No matter how the data is stored, the fundamental memory access problem is a consequence of the way all iterative algorithms are designed. The core of these methods consists of repeated matrix–vector multiplications or simple variants. In some cases (e.g., relaxation methods like Gauss–Seidel) the matrix–vector multiplication is hidden by being directly combined with an update of the solution vector.

Generally, the full data set for an approximate solution must be completely read from memory for use by the processor, and it must then be written back to memory. In the interesting cases, the vector and the matrix together are too large to be stored in any of the caches. As the vector and matrix elements are accessed, some of the older elements are expelled from the cache. With an LRU (least recently used) strategy for cache replacement, the first vector and matrix elements are no longer in cache when the sweep completes. Every sweep must start from scratch and load everything from main memory; all or almost all the data from the previous sweep will have been displaced from the cache. Temporal locality can be exploited only when the whole data set is small enough to fit into the cache.
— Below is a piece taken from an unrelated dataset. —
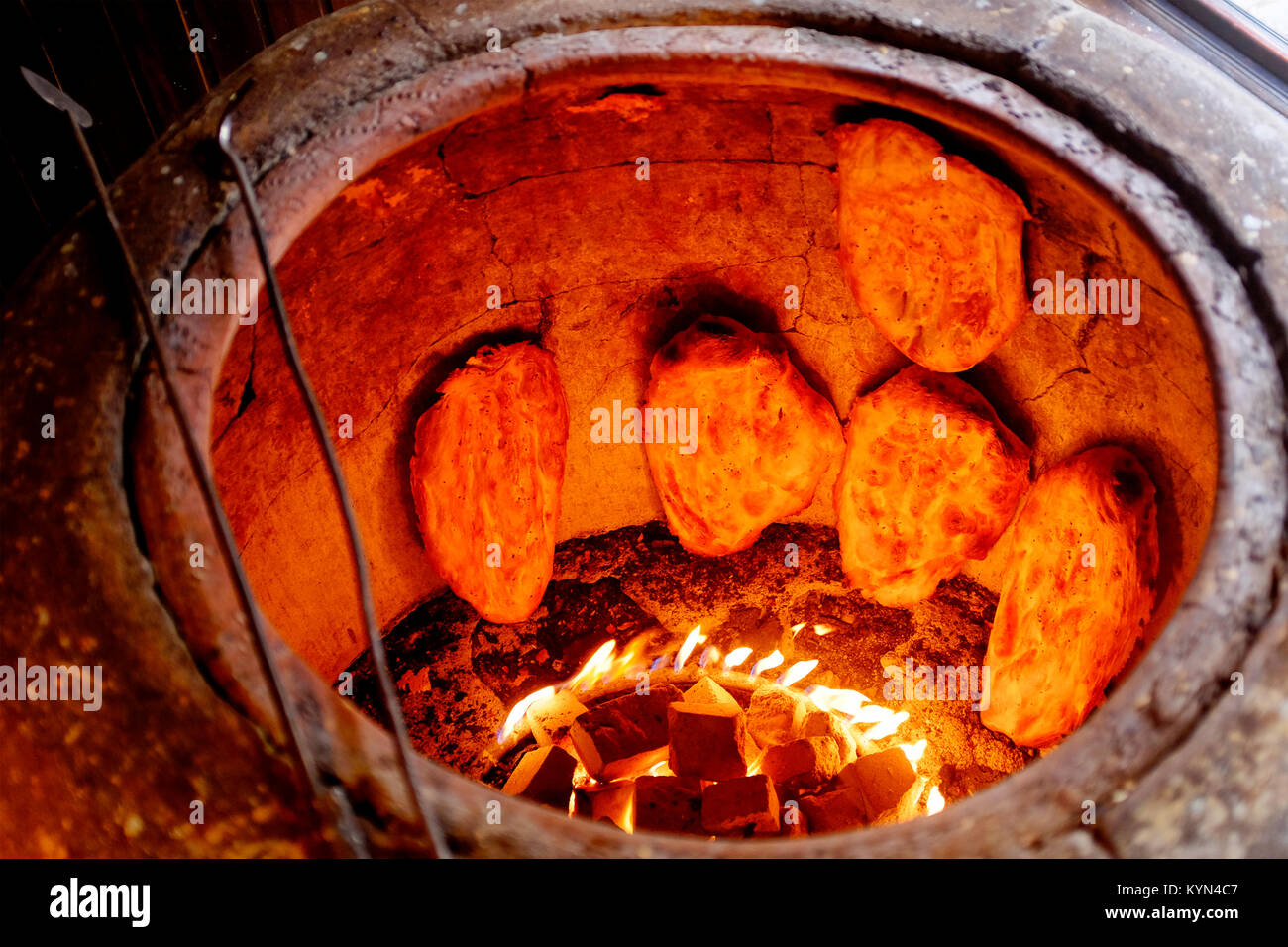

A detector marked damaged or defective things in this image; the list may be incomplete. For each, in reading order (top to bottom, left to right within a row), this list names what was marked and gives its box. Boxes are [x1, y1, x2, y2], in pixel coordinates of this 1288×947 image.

cracked clay wall [208, 82, 1216, 680]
Consider a standard implementation of a two-dimensional, red-black, Gauss-Seidel relaxation method based on a five-point discretization of the Laplace operator, as shown in Figure 1. The matrix is not stored, because we use a uniform mesh. The coefficients are typically kept in registers. The data that has to be loaded from main memory consists of the solution vector and the right-hand side vector. This problem is particularly difficult to optimize because so few variables are available.

The runtime behavior of the standard red-black Gauss-Seidel program on a Digital PWS 500au is summarized in Table 1. For the smallest grid size, the floating-point performance is good when compared with the peak performance of 1 Gflops. Increasing

the grid size improves the performance to approximately 450 Mflops on a  $64 \times 64$  grid. Increasing the grid size to  $128 \times 128$  reduces the performance to 200 Mflops. On even larger grids (>512 × 512), the performance deteriorates further, to below 60 Mflops.

To learn why these performance drops occur, we profiled the program, using the *Digital Continuous Profiling Infrastructure* (DCPI). DCPI quantifies the number of processor cycles for execution (Exec), no-operations (Nops), and stalls of several different kinds (see Table 1). Kinds of stalls measured are data cache misses (Cache), data table lookaside buffer misses (TLB), branch mispredictions (Branch), and register dependencies (Depend).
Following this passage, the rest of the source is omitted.